女性株主は「(同業他社への転職は)退職後5年(は禁じる)など一定期間の制限をかけられないのか。職業選択の自由とはいえ、やはり納得いかない」と不満を口にした。
高橋興三社長は「日本電産では中身の事業は、現在はシャープと競合していない。将来的には分からないが、日本電産はモーターなどデバイスが中心だ」と理解を求めた。
また、AI(人工知能)や(さまざまな機器がインターネットを介して連携する)IoTなどを成長戦略とするシャープの経営戦略にも質問が出た。

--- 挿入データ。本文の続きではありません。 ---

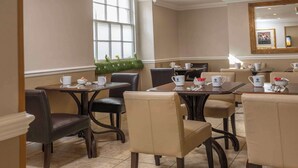 A dining area with tables and chairs, a window with blinds, a mirror, and a small plant on the windowsill. - Best Western Corona (London)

男性株主は、シャープの経営不振は液晶事業に傾注した時代からあったとし、「AI、IoTもデジタルの技術だ。果たして経営不振の元凶となったデジタル分野で復活を望めるのか」と疑問視した。
これに、長谷川祥典代表取締役は「シャープの強みはリアルの家電を手がけていること。バーチャルな技術をリアルの家電につなぐ技術こそが今後、伸ばしていきたい分野だ。家電製品をネットにつなげて消費者の生活向上を目指す」と力を込めた。
長谷川氏が「我々が目指すのはソフトウエアを構築し、価値を提供いくこと」としたことに、男性株主が「ソフトウエアこそ誰でもできるのでは。世界では第二、第三の鴻海がでてくる」と疑問を投げかけると、長谷川氏は「ソフトウエアは誰にもできない。例えばアップル社のアイフォーンのような技術・製品は誰にもできない。ソフトウエアは企業価値であり、商品価値だ」と回答した。
シャープの業績見通しについて、黒字化のめどを問われると、長谷川氏は「できるだけ早期にしたい。取締役に残していただく以上は早期の黒字に取り組む」と強調した。